Se continuarem a aparecer, aprenderam outras palavras e com elas designarão outros mundos.
Perguntamos-lhe se querem ouvir uma história e logo nos dizem que sim.
Observam e escutam as palavras da Lénia com os olhos arregalados e cintilantes, um sorriso desenhado no rosto. Tem sede de atenção e de conhecimento.
Três histórias ouviram mas ouviriam mil, os seus corpos estão quietos e nos olhos o espanto mostra que viagem pelos livros, pelas palavras, pelas imagens pode ser serena .
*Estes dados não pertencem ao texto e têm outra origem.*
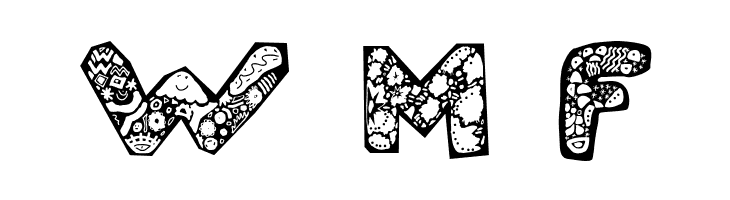 FilledABC  Free Fonts Download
Depois das histórias a Lénia pergunta-lhes o que querem ser quando forem crescidos.
- Eu quero tirar a carta, diz Alexandra.
- Mas ter carta não é profissão Alexandra. Diz-me lá é o que queres ser quando fores grande. Fica em silêncio a pensar nessa coisa profissão que talvez não saiba o que significa. Maria do Carmo, a mais velha dos três, responde:
- Gostava de ser polícia ou advogada, para poder prender ou tirar da prisão.
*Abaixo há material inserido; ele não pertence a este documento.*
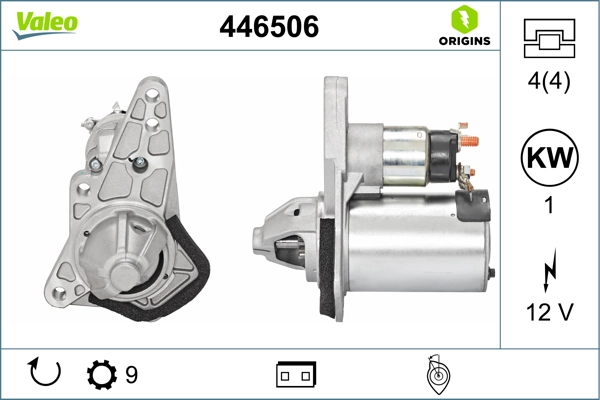 Comprar 446506 VALEO Motores de arranque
Marcados pela pobreza, pela desconfiança, pela exclusão vivem em sonhos o poder ter autoridade.
Ali, na biblioteca largo, todos os sonhos são possíveis.
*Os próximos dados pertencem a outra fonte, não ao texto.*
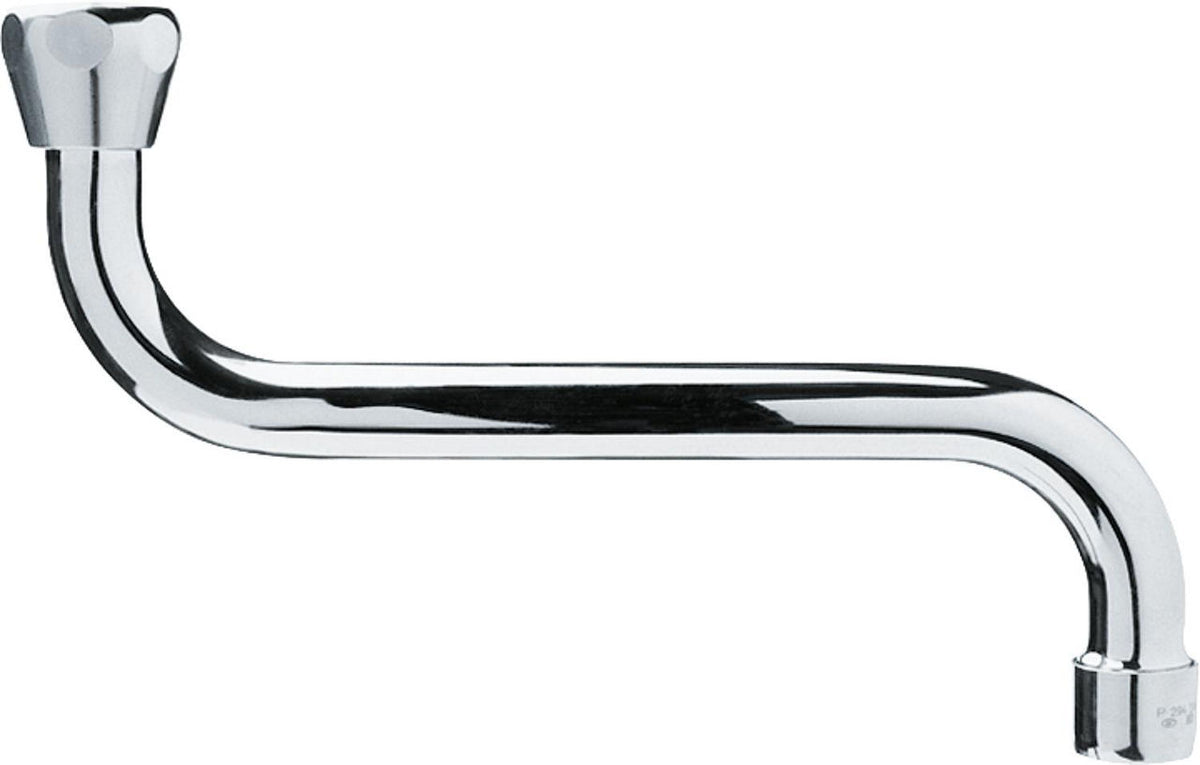 Bec verseur S-Auslauf 3/4" 200mm plat à joint plat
Ali, pela palavra pode ganhar-se voz social.
Nelson Migueis - Estagiário de Animação Sócio Cultural
sexta-feira, 26 de março de 2010
Porque será ?
O dia estava carregado e anunciava trovoada. De quando em quando uma gota de chuva grossa molhava-nos o rosto.
A Biblioteca Andarilha chegava a Trindade e pouco e pouco as crianças e os adultos aproximavam-se curiosos. A memória os mais velhos guardam ainda a lembrança da carrinha da Gulbenkian e a longínqua experiência com a palavra escrita.
Crianças, moças, mulheres e também homens desceram ao largo, para escutar, ler e bailar. A Helena apressa-se a convidar para entrar, para usar e aos poucos os livros, os jornais e as revistas saltam da carrinha e espalham-se pelas mantas pelos bancos . (foto)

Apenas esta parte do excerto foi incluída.